Fayette sets balanced budget, will sell ’copter

The disposal of the helicopter unit used by the Fayette County Sheriff’s Department is up for a ratification vote by the Fayette County Commission at its regular meeting Thursday night.

The vote is listed on the consent agenda, a sign that the matter is expected to be rubber-stamped by the commission based on the recommendation from Sheriff Barry Babb.

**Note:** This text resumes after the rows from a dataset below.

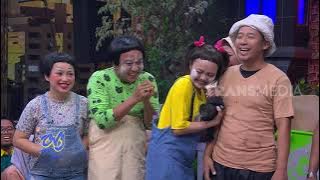 ANAK ANAK BANDEL BIKIN PARTO KESEL | OPERA VAN JAVA (09/07/19) PART 4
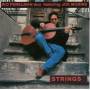 Ivo Perelman -duo- - Strings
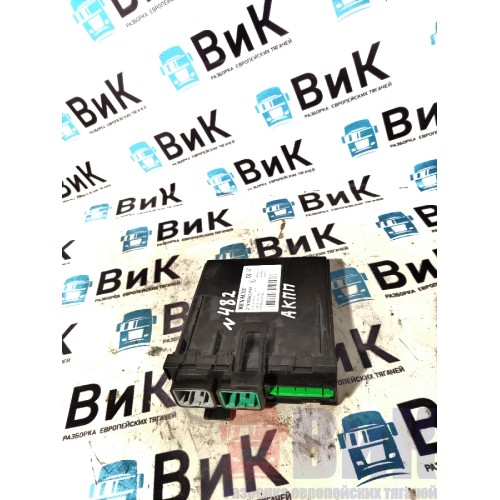 Блок CIOM HI Renault T 005496 (095)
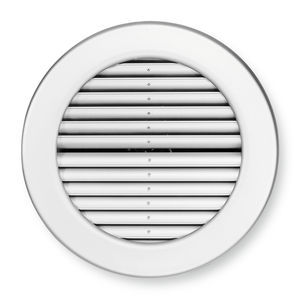 difusor de ar circular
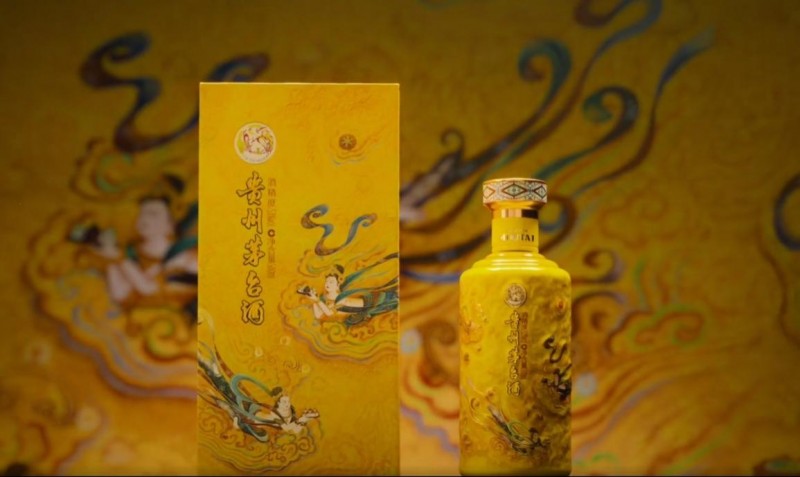 散花飞天：为茅台后千亿时代注入新力量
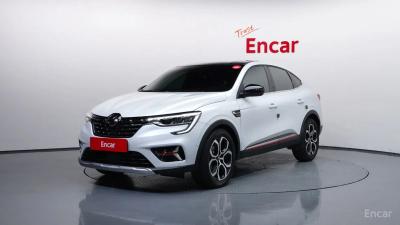 Renault-KoreaSamsung XM3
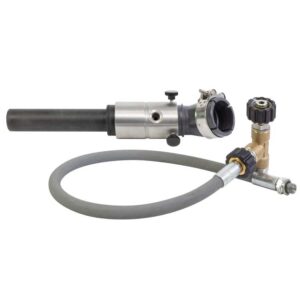 Absaugkit ST-36 für Wand - Bodenreiniger – Bild 1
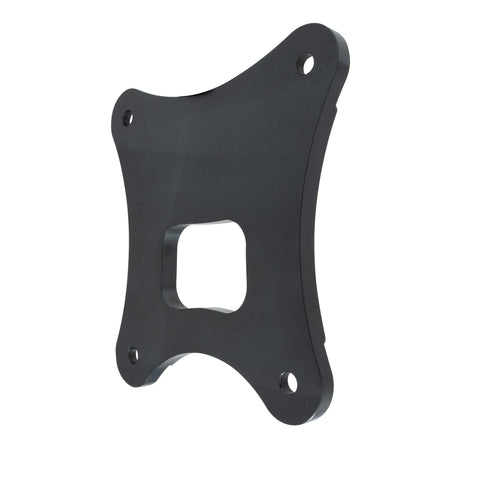 Rear Radius Rod Plate (Polaris RZR XP 1000/ XP TURBO / SKU 703012)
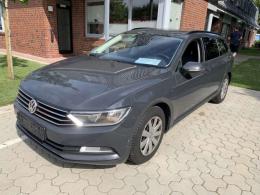 Vw Trendline BMT/Start-Stopp Passat Variant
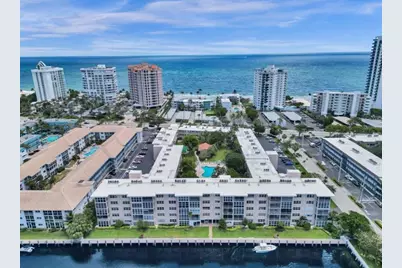 1481 S Ocean Blvd, Unit #412, Pompano Beach, FL 33062 - Photo 65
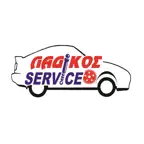 LADIKOS SERVICE iOS Icon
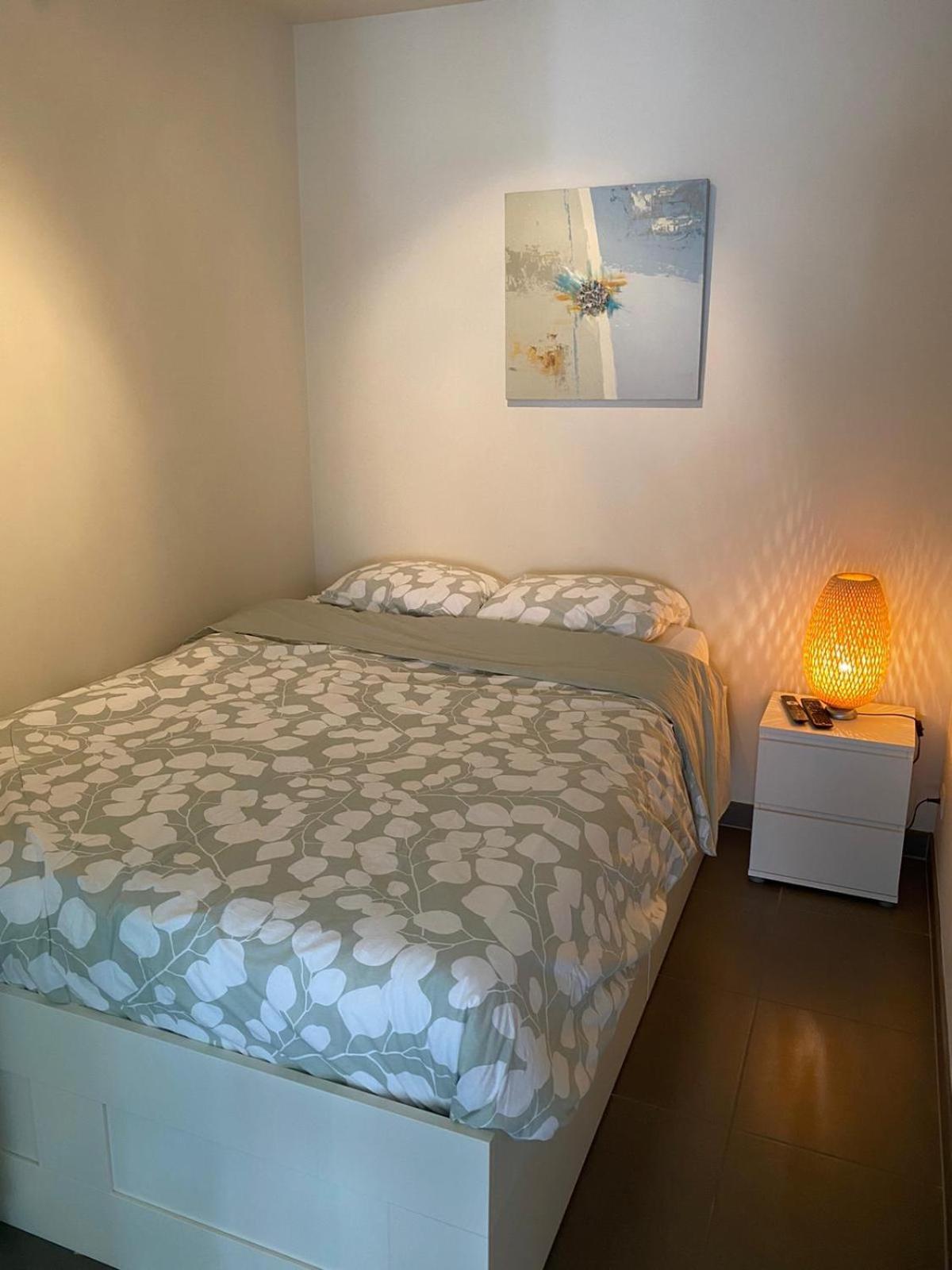 Beachday I - Opkuis Inbegrepen In De Prijs - Wandelafstand Apartment *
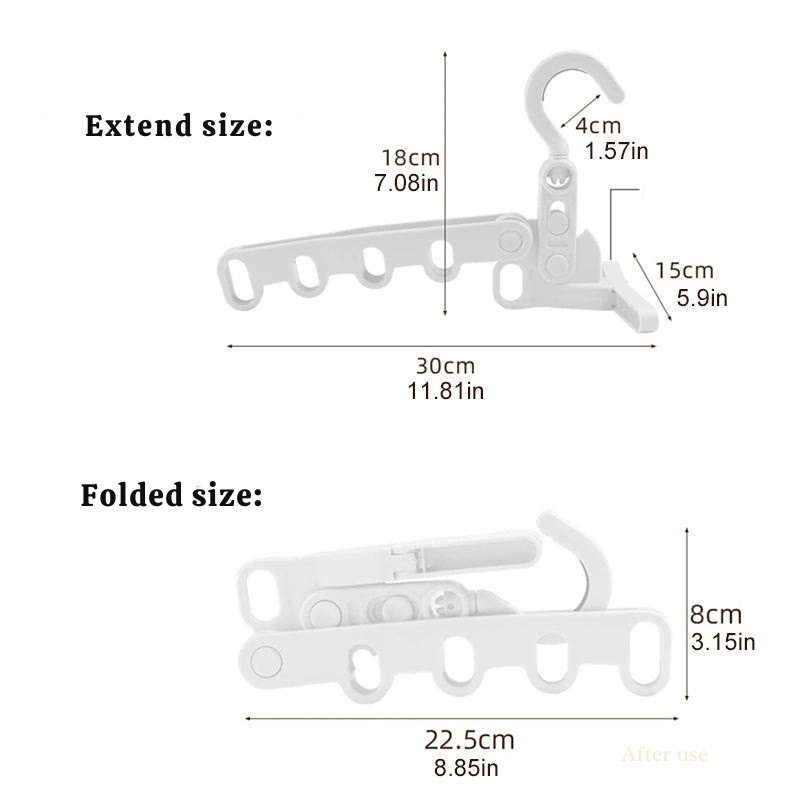 FlexiGrip — Pack Smarter and Step Off the Plane Wrinkle-Free Every Time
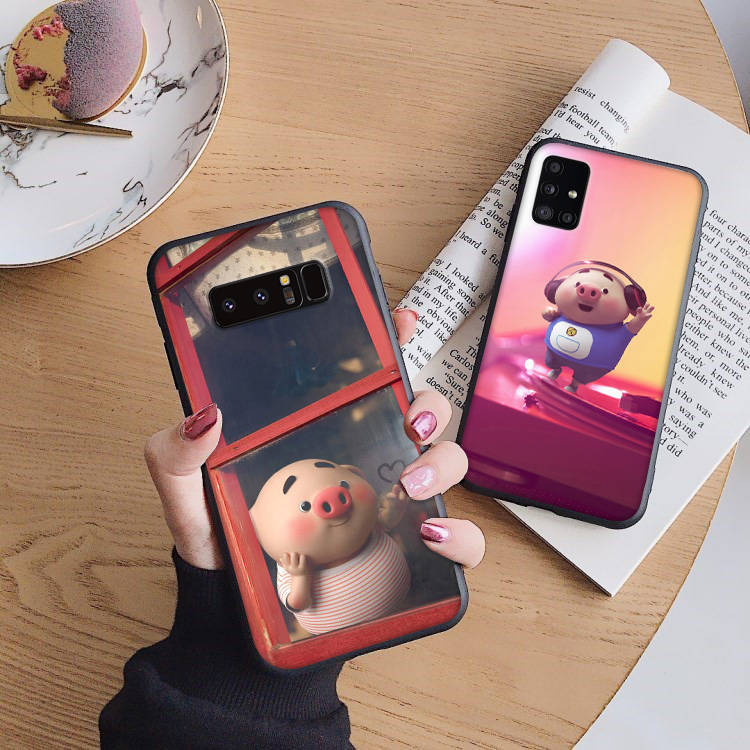 Мягкий чехол B92 Cartoon pig для iPhone 11 12 13 14 15 Pro Max Samsung S22 S23 S24 FE Ultra Xiaomi Redmi Note VIVO V27 Realme C21 OPPO Reno 8
Мягкий чехол B92 Cartoon pig для iPhone 11 12 13 14 15 Pro Max Samsung S22 S23 S24 FE Ultra Xiaomi Redmi Note VIVO V27 Realme C21 OPPO Reno 8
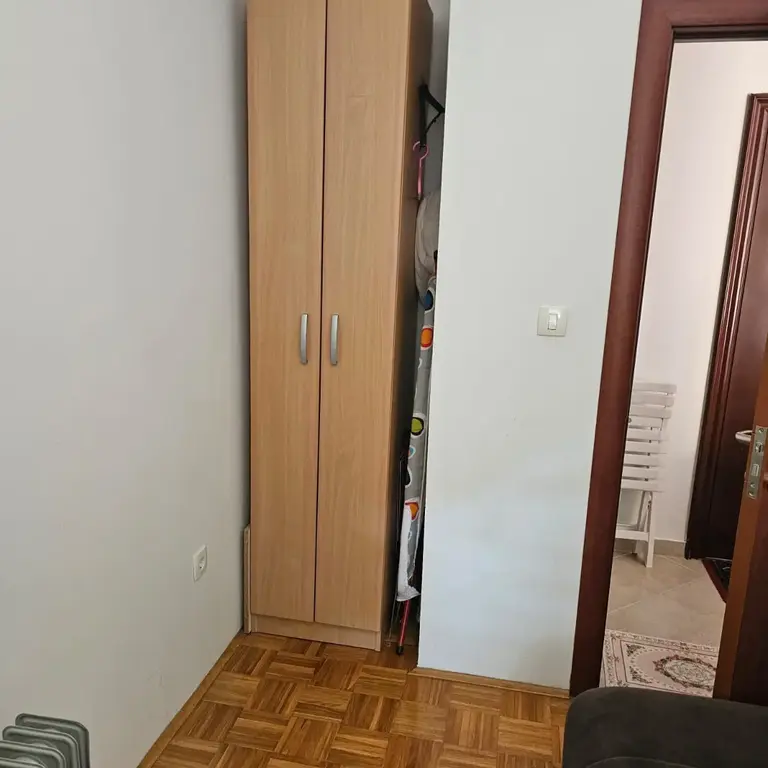Spavaca soba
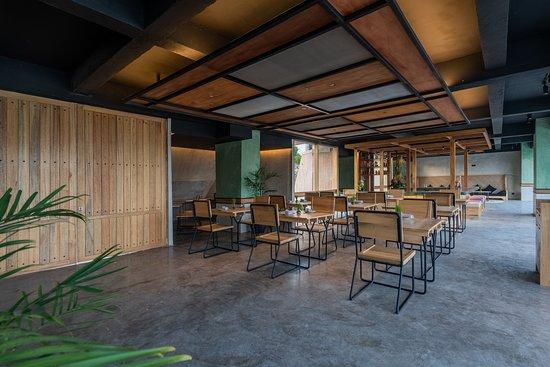 Boheme Restaurant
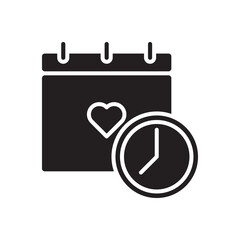 Wedding Planner Icon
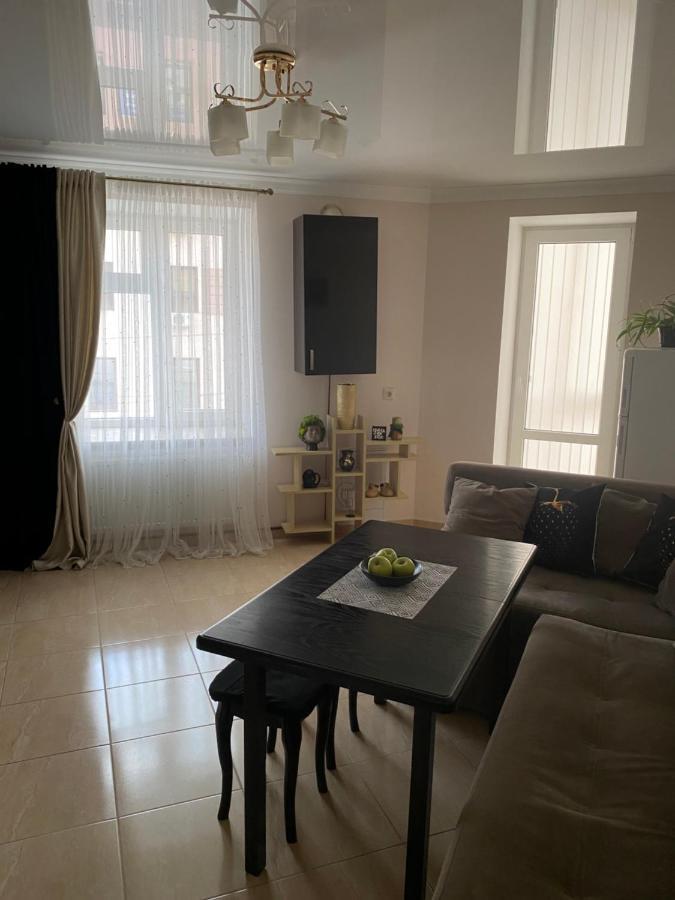 Appartement Center à Ternopil Extérieur photo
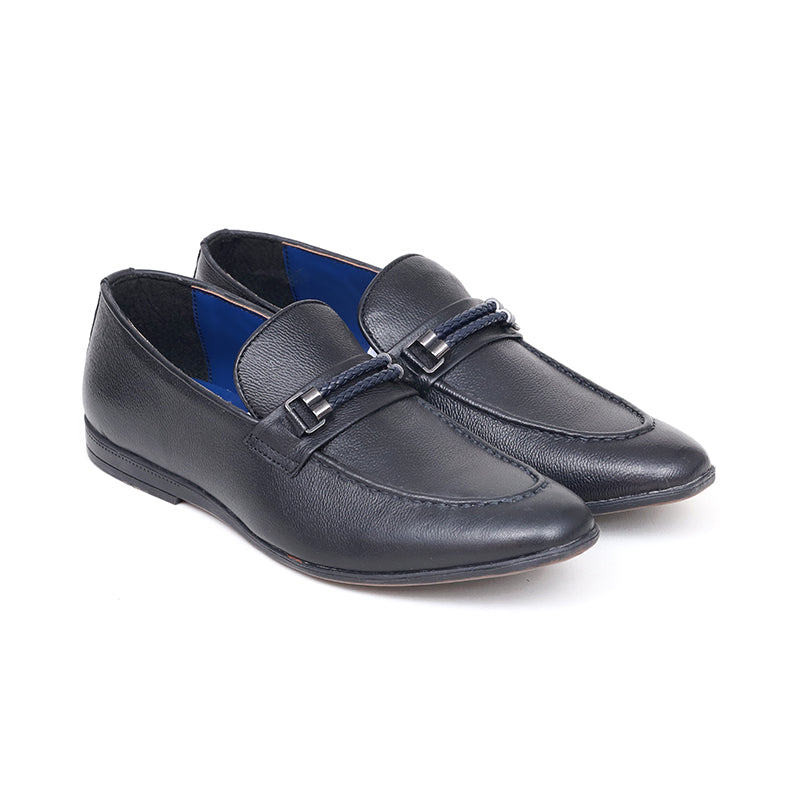 M-LF-0200351-Men Leather Shoes
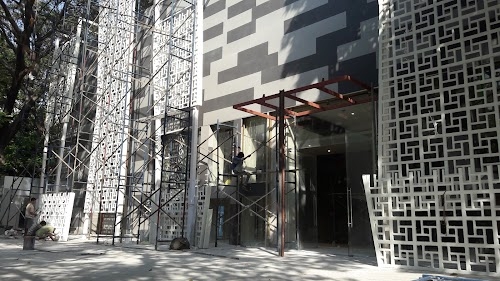 Cama Industrial Estate, Goregaon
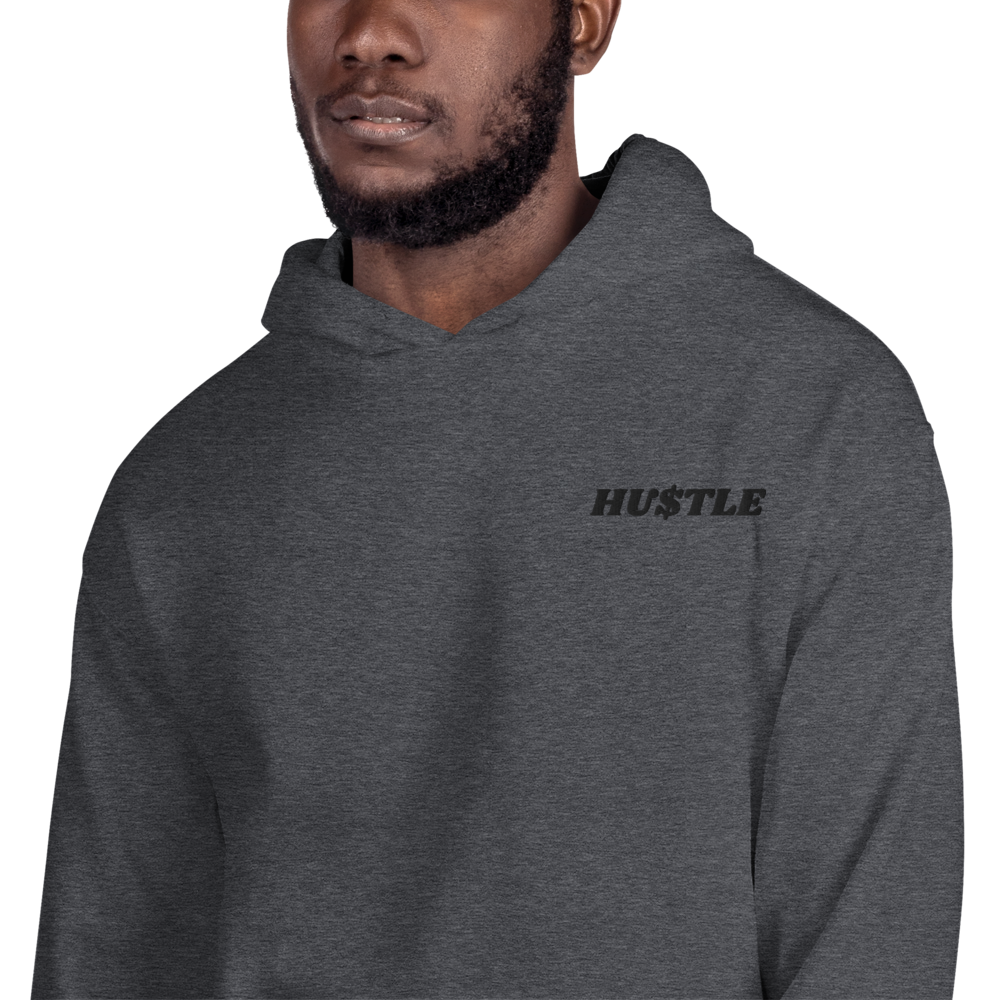HU$TLE Hoodie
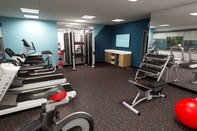 Fitness Center avid hotel AUGUSTA W - GROVETOWN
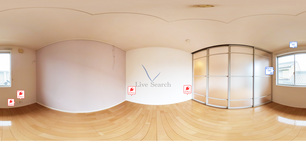 メゾン　さくら 202 【滋賀県瀬田】 の画像3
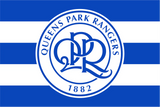 Queens Park Rangers Football Club Flag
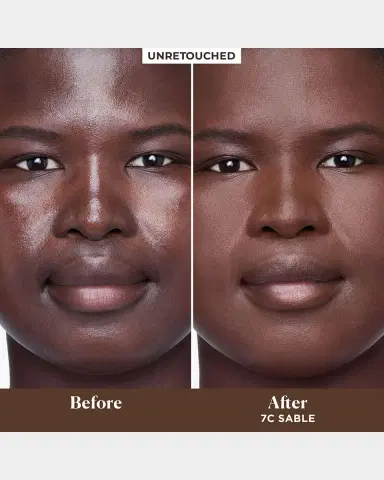Laura Mercier Tinted Moisturizer Oil-Free Blurred Matte with SPF 30 | Thumbnail 2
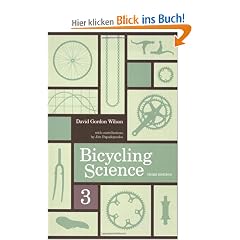 Bicycling Science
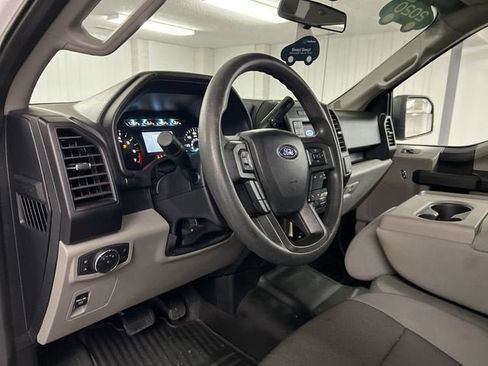 Used 2020 Ford F150 XL w/ Equipment Group 101A Mid AWD/4WD image 10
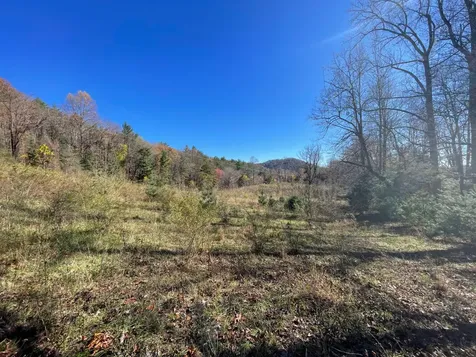 Off Neely Road And Usfs Road Highlands NC 28741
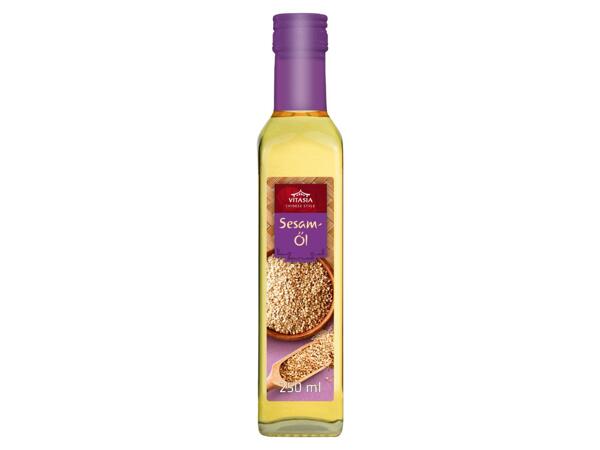 Sesamöl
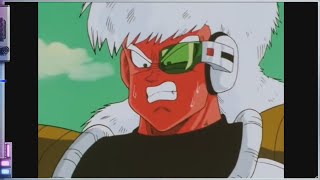 Don't Feel Bad For The Ginyu Force DragonBall Z Abridged TFS DBZA
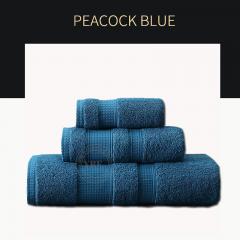 Полотенце для плавания 100% хлопок хорошего качества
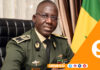 Sénégal : Tout savoir sur le  nouveau Cemga Mbaye Cissé (Vidéo)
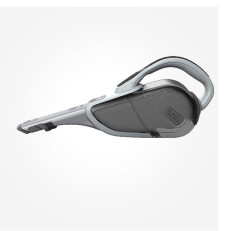 جارو شارژی دستی بی سیم بلک اند دکر لیتیوم یونی 10.8 وات مدل DVJ215J-B5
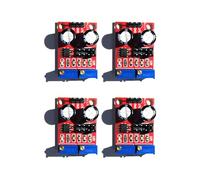 Módulo generador de señales de frecuencia de impulsos de ciclo de trabajo ajustable para placa de controlador de motor paso a paso, módulo de modulación de ancho ajustable PWM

The commission is also slated to conduct a public hearing on the upcoming 2013-2014 fiscal year budget, which will not require a property tax increase and will not be balanced by using any of the county’s cash reserves. The budget totals $76.39 million including some $14.7 million for the water system, which is funded exclusively by user fees.

The commission will consider these items and more at their regular meeting Thursday at 7 p.m. in the large meeting room at the county’s Stonewall government complex in downtown Fayetteville.

With a tightening budget under the new county commission, elimination of the sheriff’s department’s helicopter program will save the county about $200,000 a year which will be used to offset other training along with maintenance of the $1.27 million computer system the sheriff’s department purchased two years ago, Babb has said.

Proceeds from the sale of the 2007 Eurocopter brand helicopter will go back into the account used to purchase equipment and training for the sheriff’s office that is funded by federal drug forfeitures.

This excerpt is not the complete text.